Friedrichsbau is a theatre in Stuttgart, Baden-Württemberg, Germany.

== Building ==
The original Friedrichsbau was built as an Art Nouveau building in 1898. In addition to offices, it housed an 800-person theater hall on the 1st floor. In 1943, the building suffered severe war damage. After the Allied bombing raid in the night of July 25–26, 1944, the Friedrichsbau burned down completely. In 1955, the old Friedrichsbau was finally demolished in favor of a widening of Friedrichstraße.

In 1993, the new Friedrichsbau was built on the historic site by the state-owned L-Bank. Until 2014, it housed offices, stores and restaurants as well as the new Friedrichsbau Theater.

== Theatre ==
In 1900, the Friedrichsbau Theater was opened in the old Friedrichsbau. Its first director was Martin Klein.

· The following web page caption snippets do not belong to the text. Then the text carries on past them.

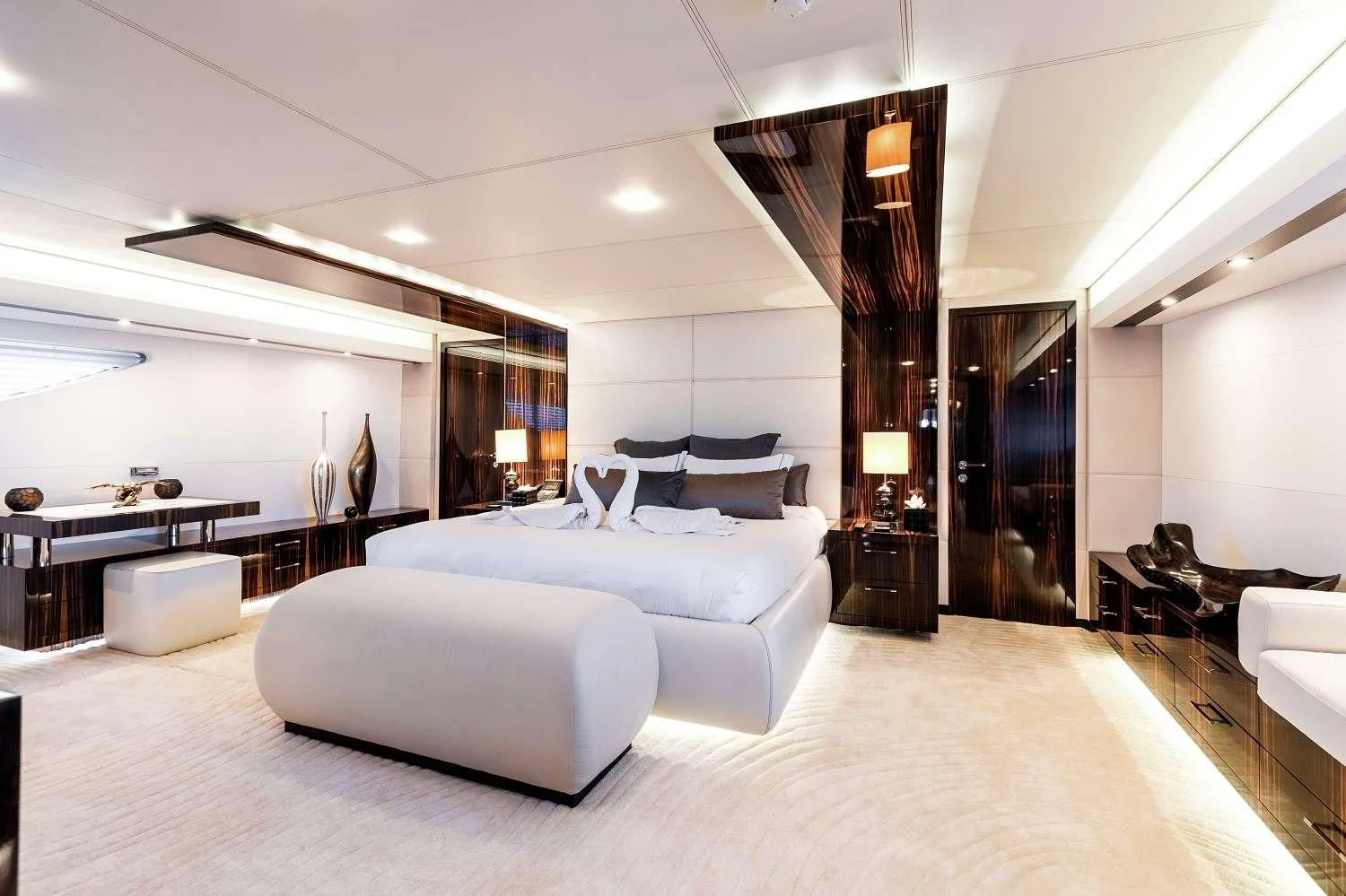 a large bedroom with a large bed aboard GEMS 2 Yacht for Sale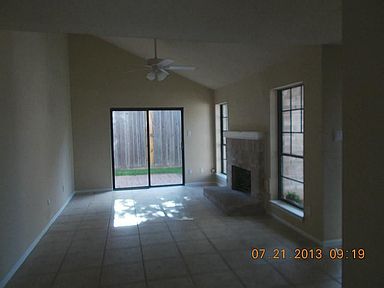 Large living area with  high ceiling & patio doors leading outside. Plenty of windows .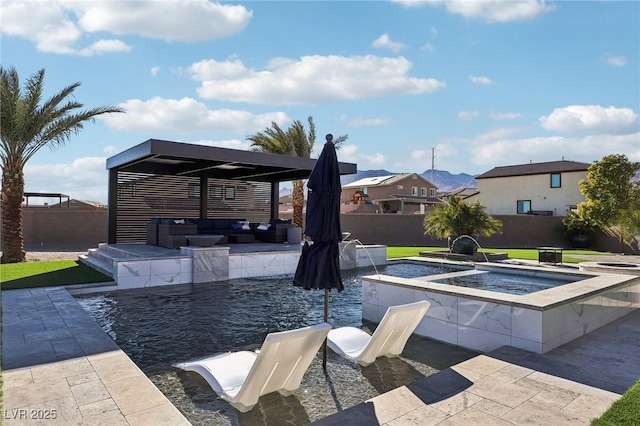 view of pool with pool water feature, an in ground hot tub, and a patio area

Ludwig Grauaug took over the directorship in 1901. In the 1920s and 1930s, international stars such as Grock, Josephine Baker, Charlie Rivel, Karl Valentin and Marita Gründgens performed at the Friedrichsbau Theater. Between 1931 and 1933, the theater was rebuilt. In 1933, Grauaug, as a Jew, was forced to leave Stuttgart.[1] Under the directorship of Emil Neidhard, Willy Reichert took over the artistic direction of the theater when it reopened. Together with Oscar Heiler, he performed regularly at the Friedrichsbau Theater. The Swabian characters Häberle and Pfleiderer, embodied by both of them, are closely connected with the Friedrichsbau Theater.

The Friedrichsbau Varieté opened in the new Friedrichsbau in 1994, with space for 369 guests. Gabriele Frenzel became the first general manager. The director of Circus Roncalli, Bernhard Paul, was appointed artistic director.

The previous sponsor and owner "L-Bank" terminated the lease in 2014. As a result, the Friedrichsbau Theater had to build a new building on the Pragsattel with the support of the city of Stuttgart.

== Present ==
Since January 1, 2014, Friedrichsbau Theater has been a non-profit company run by managing directors Gabriele Frenzel and Timo Steinhauer. On February 24, 2014, the Theater celebrated its 20th birthday. At that time, more than 1,900,000 people had visited Friedrichsbau and around 1,700 artists had performed in 6,605 shows.

Artistic performances range from cabaret and comedy to artistry, burlesque and magic. In addition to recurring guest performances, up to four in-house productions are staged annually.